Sharpness-Aware Minimization and the Edge of Stability
Philip M. Long, Peter L. Bartlett
TL;DR
Sharpness-Aware Minimization (SAM) modifies gradient-based training by evaluating gradients at a neighborhood around the current point to favor flatter minima. The paper derives a SAM-edge of stability, a Hessian-norm threshold that depends on the gradient norm $||g||$, learning rate $\eta$, and neighborhood radius $\rho$, and shows this edge lies below the conventional GD edge $2/\eta$. Empirically, SAM tracks this edge across MNIST, CIFAR10, and tiny_shakespeare, with the edge magnitude shrinking as gradients diminish and often yielding flatter minima with comparable or improved training loss.
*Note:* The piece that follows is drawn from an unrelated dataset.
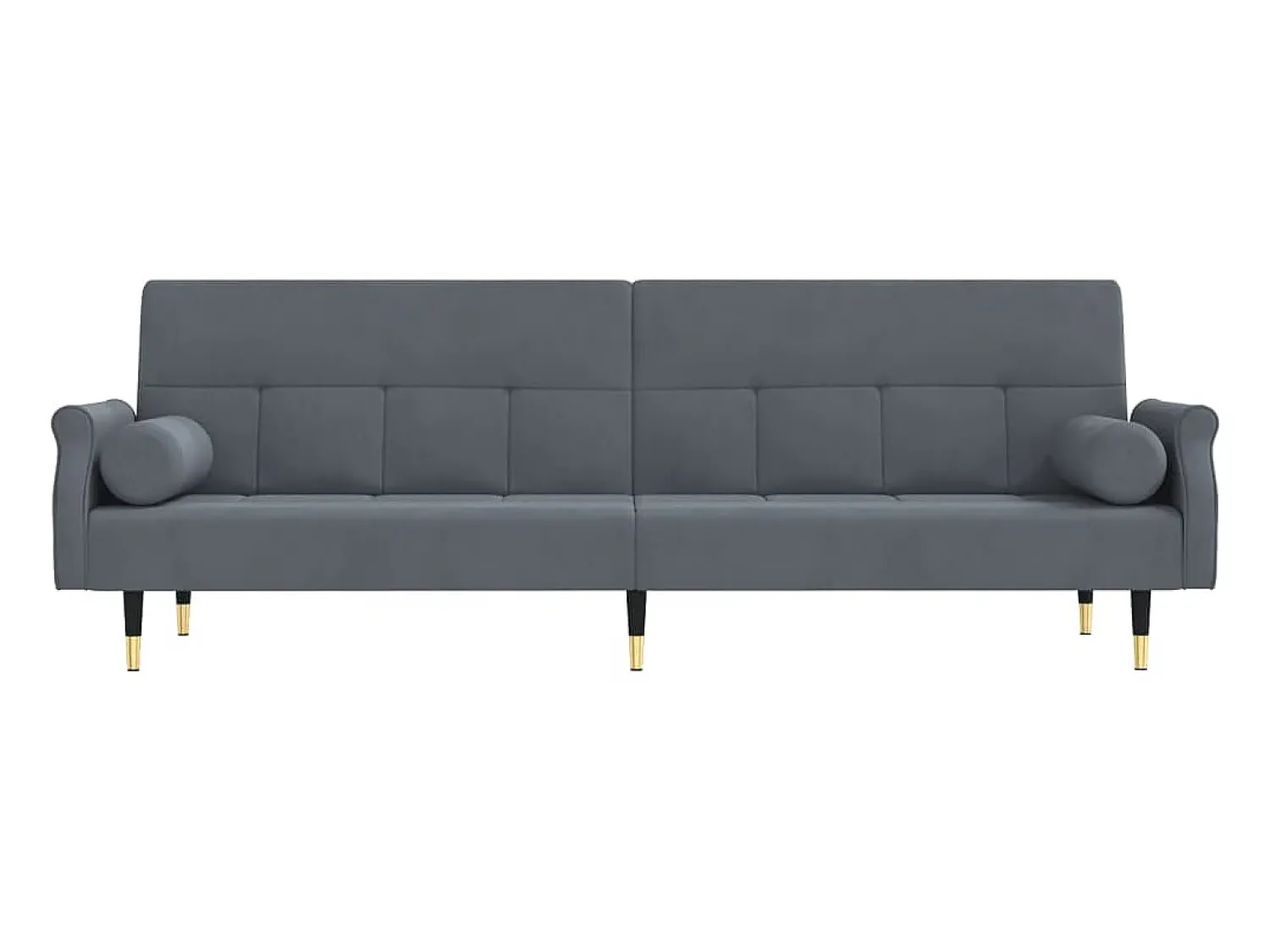 Sofá| Sofá-cama com almofadões veludo -escuro PT928907 Cinzento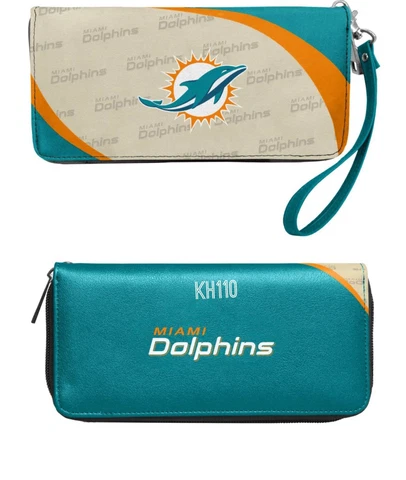 Miami Dolphins NFL Curve Zip Organizer Ladies Wallet Cover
These findings connect sharpness-aware updates to dynamic stability and generalization, suggesting that SAM broadens the practical regime where stable, smooth optimization can occur.
Abstract
Recent experiments have shown that, often, when training a neural network with gradient descent (GD) with a step size $η$, the operator norm of the Hessian of the loss grows until it approximately reaches $2/η$, after which it fluctuates around this value. The quantity $2/η$ has been called the "edge of stability" based on consideration of a local quadratic approximation of the loss. We perform a similar calculation to arrive at an "edge of stability" for Sharpness-Aware Minimization (SAM), a variant of GD which has been shown to improve its generalization. Unlike the case for GD, the resulting SAM-edge depends on the norm of the gradient. Using three deep learning training tasks, we see empirically that SAM operates on the edge of stability identified by this analysis.